Apart from the pictures, every entry below should be repeated exactly.

[[ EXCERPTED DATA, beginning ]]

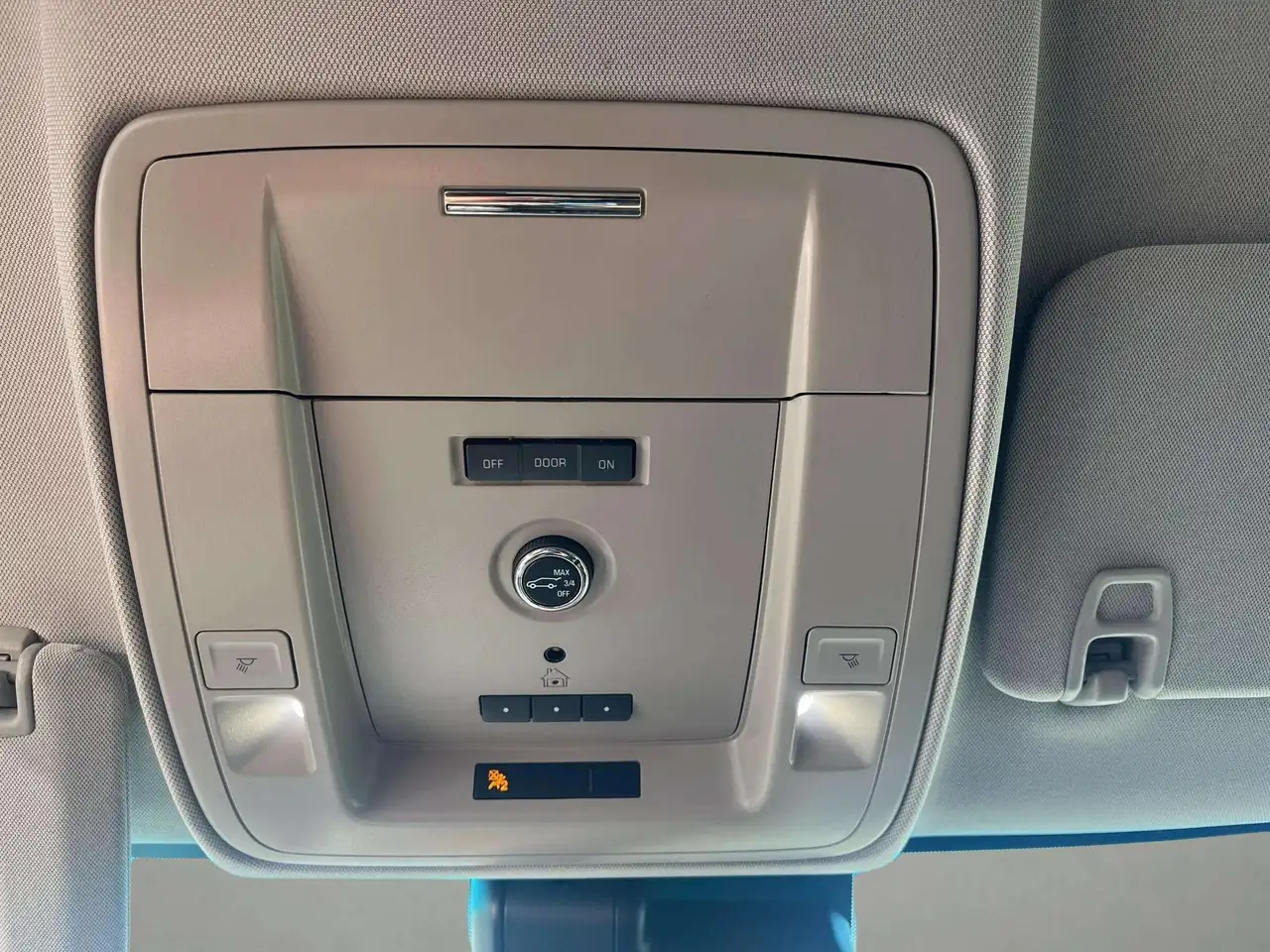 GMC Yukon снимка GMC Yukon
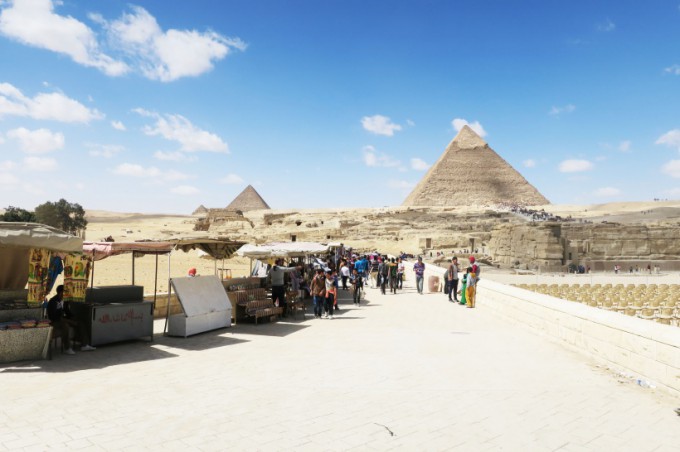 http://www.comfortablelife.asia/images/2016/08/Great-Pyramid-of-Khufu_42-680x452.jpg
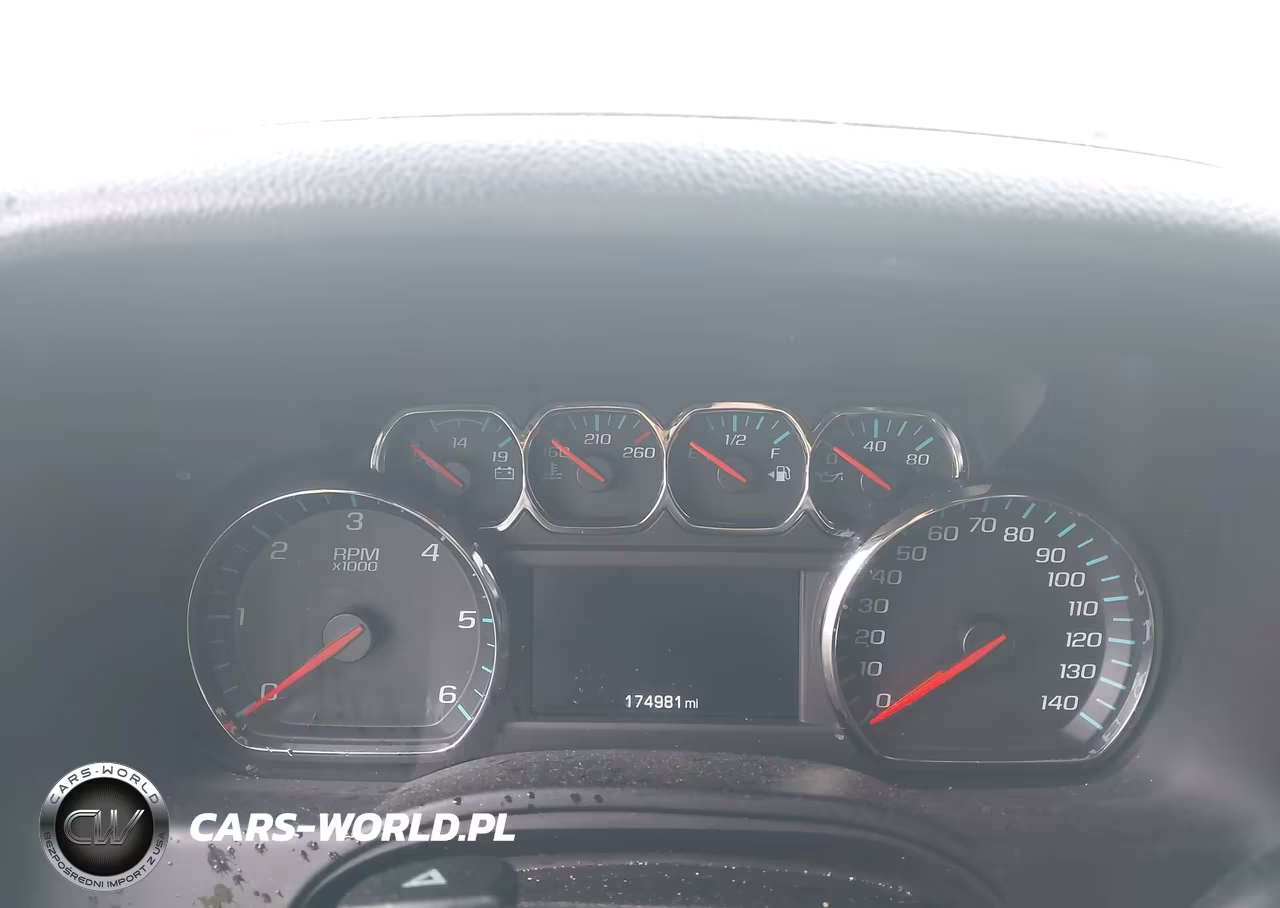 2016 Chevrolet Suburban Lt VIN:1GNSKHKC7GR352983 - 7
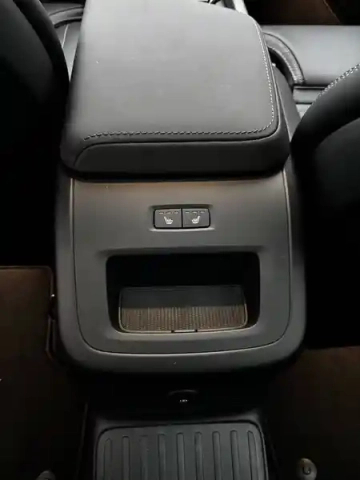 Volvo Xc60 t6 awd hybride rechargeable 253 ch+145 ch geartronic 8 — photo 11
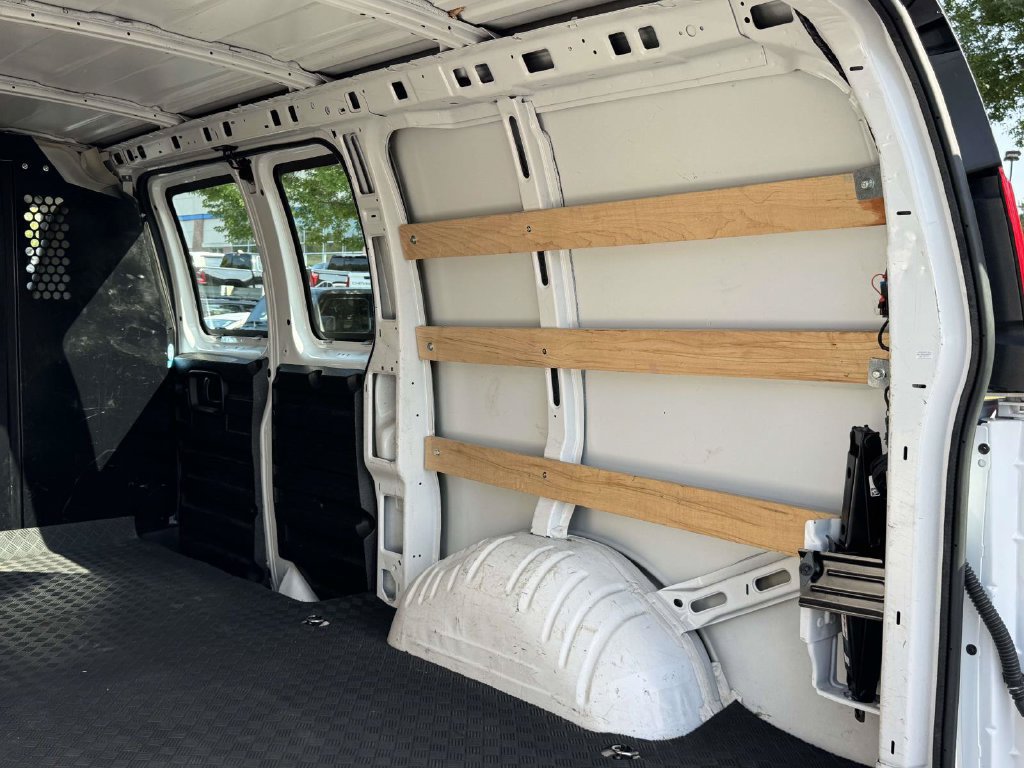 Used 2025 Chevrolet Express 2500 w/ Driver Convenience Package RWD image 18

[[ EXCERPTED DATA, end ]]

■ OUTPUT OF THE TASK:
 GMC Yukon снимка GMC Yukon
 http://www.comfortablelife.asia/images/2016/08/Great-Pyramid-of-Khufu_42-680x452.jpg
 2016 Chevrolet Suburban Lt VIN:1GNSKHKC7GR352983 - 7
 Volvo Xc60 t6 awd hybride rechargeable 253 ch+145 ch geartronic 8 — photo 11
 Used 2025 Chevrolet Express 2500 w/ Driver Convenience Package RWD image 18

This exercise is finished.